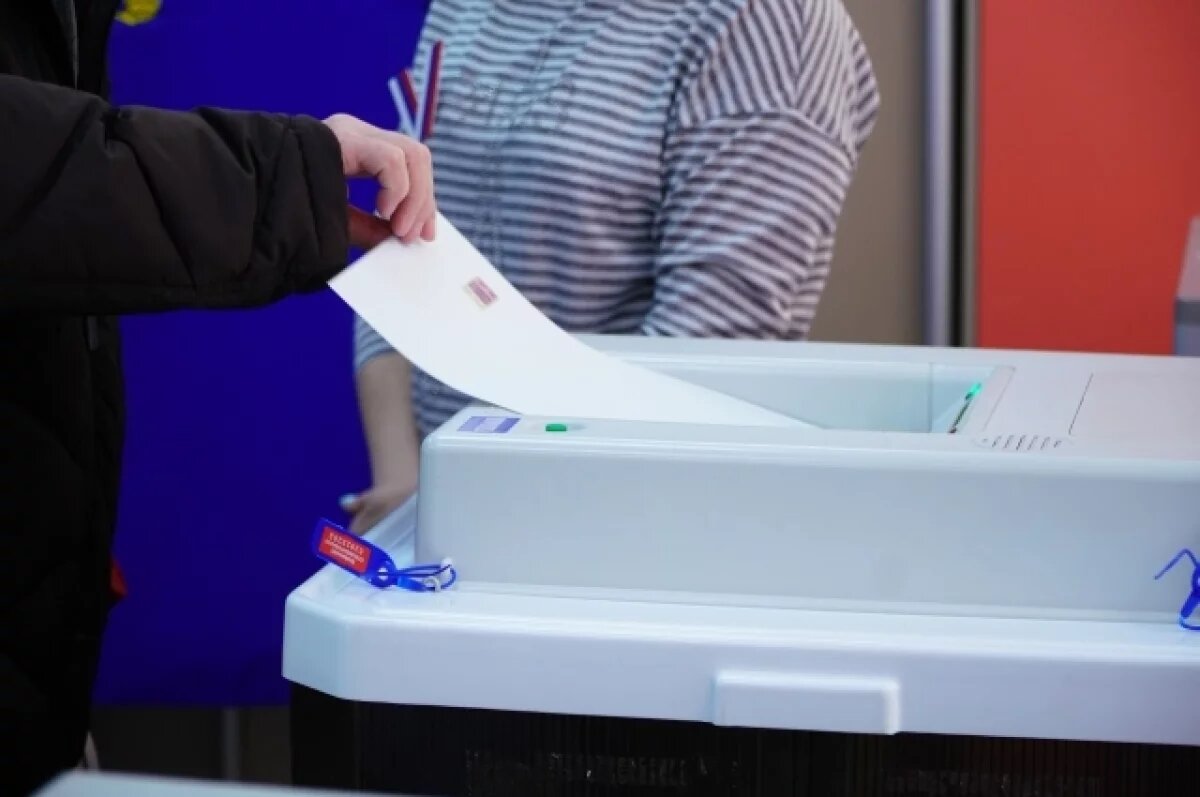    40 административных дел по нарушениям на выборах возбудили в НСО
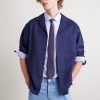 7.5cm GG Silk-Jacquard Tie - OU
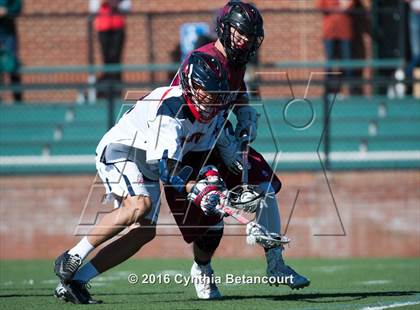 Thumbnail 3 in Kent Denver vs. Chatfield photogallery.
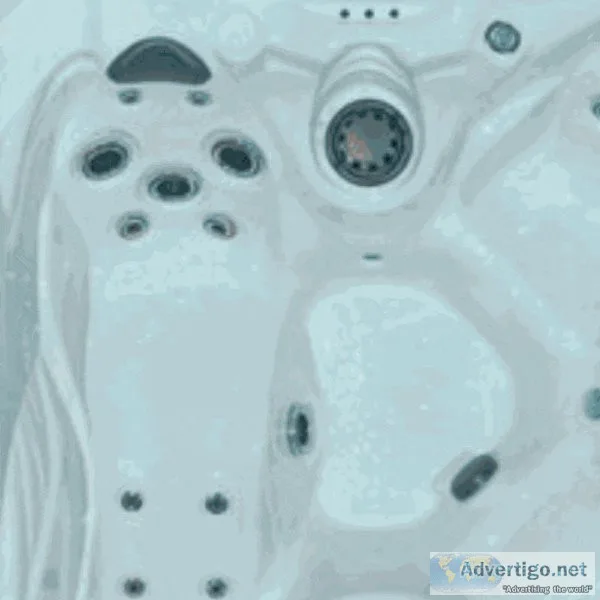 HL 630 L Hot Tub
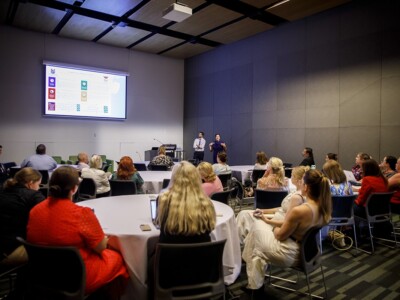 PSA Leadership Day, March 2025 at Brisbane Convention & Exhibition Centre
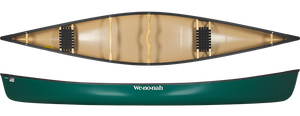 Aurora 16' Canoe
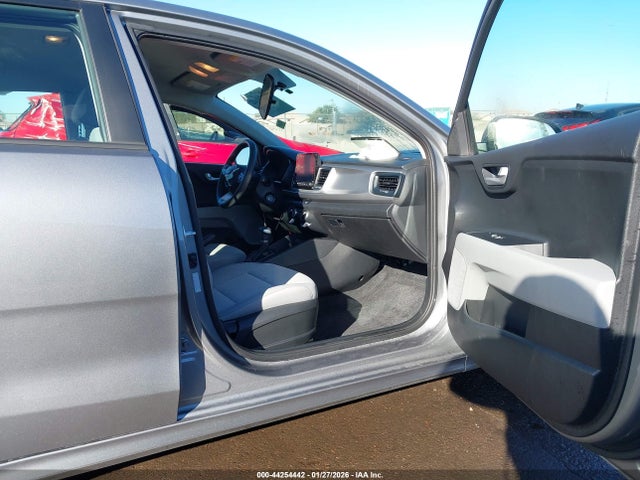 3KPA24AD4PE592267 KIA RIO S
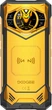 Мобільний телефон Doogee S200X VIP Edition 12/512GB Yellow (DGSM-S200-X-VIP-YEL) - зображення 4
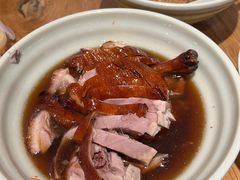-晓马鸭店(新芜路店)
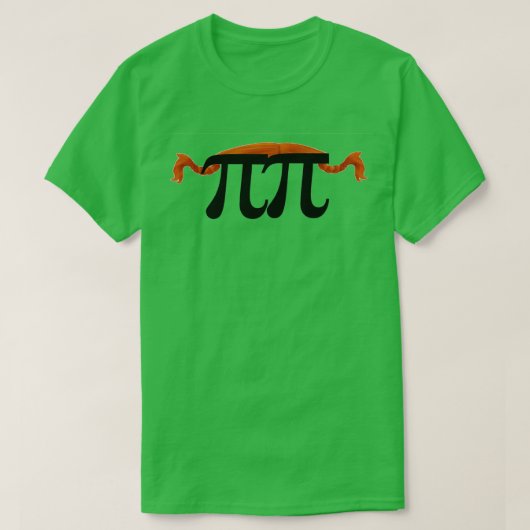 T-shirt Pee (Design devant)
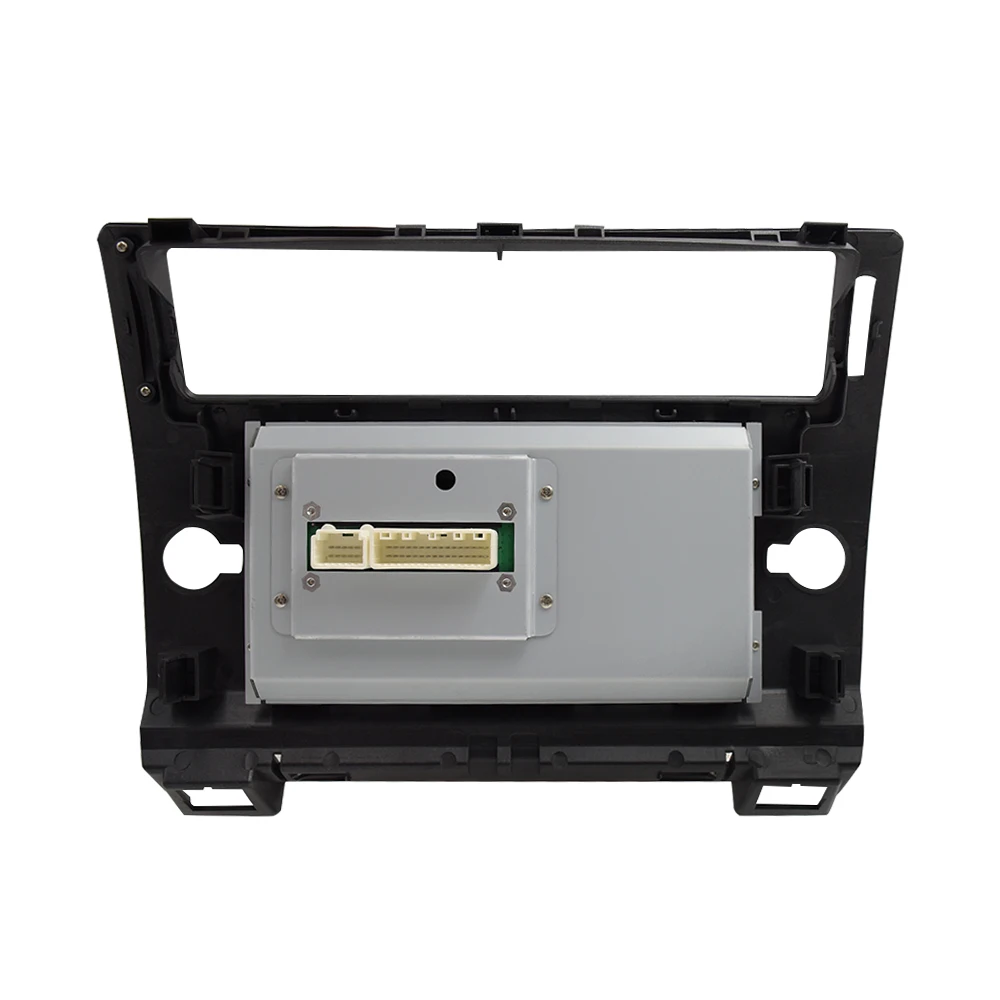 Cheap Android 9.1/9.0 Car Radio DVD Navigation Multimedia Stereo For Citroen C4 C-Triomphe C-Quatre 2004-2009 GPS Bluetooth Player 4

------------------------------

Task.
The whole listing above, minus its pictures, is what you should write out word for word.

Response.
    40 административных дел по нарушениям на выборах возбудили в НСО
 7.5cm GG Silk-Jacquard Tie - OU
 Thumbnail 3 in Kent Denver vs. Chatfield photogallery.
 HL 630 L Hot Tub
 PSA Leadership Day, March 2025 at Brisbane Convention & Exhibition Centre
 Aurora 16' Canoe
 3KPA24AD4PE592267 KIA RIO S
 Мобільний телефон Doogee S200X VIP Edition 12/512GB Yellow (DGSM-S200-X-VIP-YEL) - зображення 4
-晓马鸭店(新芜路店)
 T-shirt Pee (Design devant)
 Cheap Android 9.1/9.0 Car Radio DVD Navigation Multimedia Stereo For Citroen C4 C-Triomphe C-Quatre 2004-2009 GPS Bluetooth Player 4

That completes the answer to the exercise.